Mit dem Ausdruck „Ansprüche ... hinsichtlich ehelichen Gebrauchsvermögens oder ehelicher Ersparnisse" wurde der Zusammenhang eines Anspruchs mit dem Aufteilungsverfahren sehr weit gefasst. Die Unzulässigkeit des streitigen Rechtswegs betrifft daher nach der Rechtsprechung nicht nur den Anspruch auf Teilung einer zum ehelichen Gebrauchsvermögen gehörenden Sache, die Räumungsklage hinsichtlich der Ehewohnung, den Anspruch auf Rechnungslegung oder eidliche Vermögensangabe, wenn er das eheliche Gebrauchsvermögen oder eheliche Ersparnisse betrifft (vgl SZ 69/174), sondern auch Ansprüche auf einen Anteil an dem aus einer zum ehelichen Gebrauchsvermögen gehörigen Sache erzielten Nutzen bzw auf Rückersatz von zur Erhaltung einer solchen Sache getätigten Aufwendungen (9 ObA 356/98p mwN). Bezüglich jener Umstände, die durch § 235 Abs 1 AußStrG aF in das außerstreitige Verfahren verwiesen wurden, kam nach der Rechtsprechung auch ein Kondiktionsanspruch im streitigen Verfahren nicht in Betracht (7 Ob 612/86).

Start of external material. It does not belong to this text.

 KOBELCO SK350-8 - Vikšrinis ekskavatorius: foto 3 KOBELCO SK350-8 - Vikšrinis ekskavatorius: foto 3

Wie ebenfalls das Rekursgericht bereits zutreffend ausgeführt hat, hat die ersatzlose Aufhebung des § 235 AußStrG aF durch das AußStrG 2003, BGBl I 2003/111, an dieser Rechtslage nichts geändert. Rechtsgrundlage für die Überweisung sind nunmehr die §§ 40a, 44 und 46 JN (vgl Deixler-Hübner in Rechberger, AußStrG § 96 Rz 13 mwN). Die zu § 235 Abs 1 AußStrG aF ergangene Rechtsprechung ist daher weiterhin zu beachten (Bernat in Schwimann, ABGB3 Band 1 § 85 EheG Rz 2).

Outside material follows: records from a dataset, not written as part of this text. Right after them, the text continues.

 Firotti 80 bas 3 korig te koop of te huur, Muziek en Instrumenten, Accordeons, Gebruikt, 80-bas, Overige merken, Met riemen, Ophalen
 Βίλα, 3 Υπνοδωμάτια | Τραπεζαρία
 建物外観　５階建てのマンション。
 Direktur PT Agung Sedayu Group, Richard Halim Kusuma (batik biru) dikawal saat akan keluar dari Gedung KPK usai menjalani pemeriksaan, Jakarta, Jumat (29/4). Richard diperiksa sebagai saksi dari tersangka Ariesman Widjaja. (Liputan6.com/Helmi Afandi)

Zweck der im § 235 Abs 1 AußStrG aF enthaltenen Regel ist es, wie bereits dargelegt, zu verhindern, dass das in einem Rechtsstreit gewonnene Ergebnis durch ein Außerstreitverfahren umgestoßen oder überholt wird. Diese Erwägungen treffen auch auf die vom Kläger im gegenständlichen Verfahren geltend gemachten Ansprüche auf Benützungsentgelt aus der behaupteten titellosen (Mit-)Benützung der ehemaligen Ehewohnung und auf (anteiligen) Ersatz der für die ehemalige Ehewohnung angefallenen Betriebskosten zu, da die Berechtigung des Klagebegehrens von der rechtsgestaltenden Anordnung des Außerstreitrichters (Zuweisung der Ehewohnung) abhängig ist. Wie der Oberste Gerichtshof mehrfach ausgesprochen hat, ist der Umstand, dass ein geschiedener Ehegatte während des Verfahrens die Ehewohnung nutzen konnte, im Rahmen der Billigkeitsentscheidung bei der Festsetzung der Höhe der Ausgleichszahlung zu berücksichtigen (6 Ob 178/03z; 4 Ob 195/01g; 6 Ob 535/80). Dass der Kläger die von ihm geltend gemachten Ansprüche auch nicht aus dem Titel der ungerechtfertigten Bereicherung im streitigen Rechtsweg geltend machen kann, sondern mit diesen Ansprüchen auf das Verfahren nach den §§ 81 ff EheG verwiesen ist, wurde bereits dargelegt (vgl 7 Ob 612/86).

Zutreffend hat daher das Rekursgericht das vorliegende Rechtsschutzbegehren des Klägers der Außerstreitabteilung des Erstgerichts, bei dem das Aufteilungsverfahren nach den §§ 81 ff EheG zwischen den Parteien bereits anhängig ist, überwiesen.

Die Kostenentscheidung beruht auf den §§ 41, 50 ZPO, da der Kläger in einem dem von ihm eingeleiteten Zivilprozess zugehörigen Zwischenstreit unterlegen ist.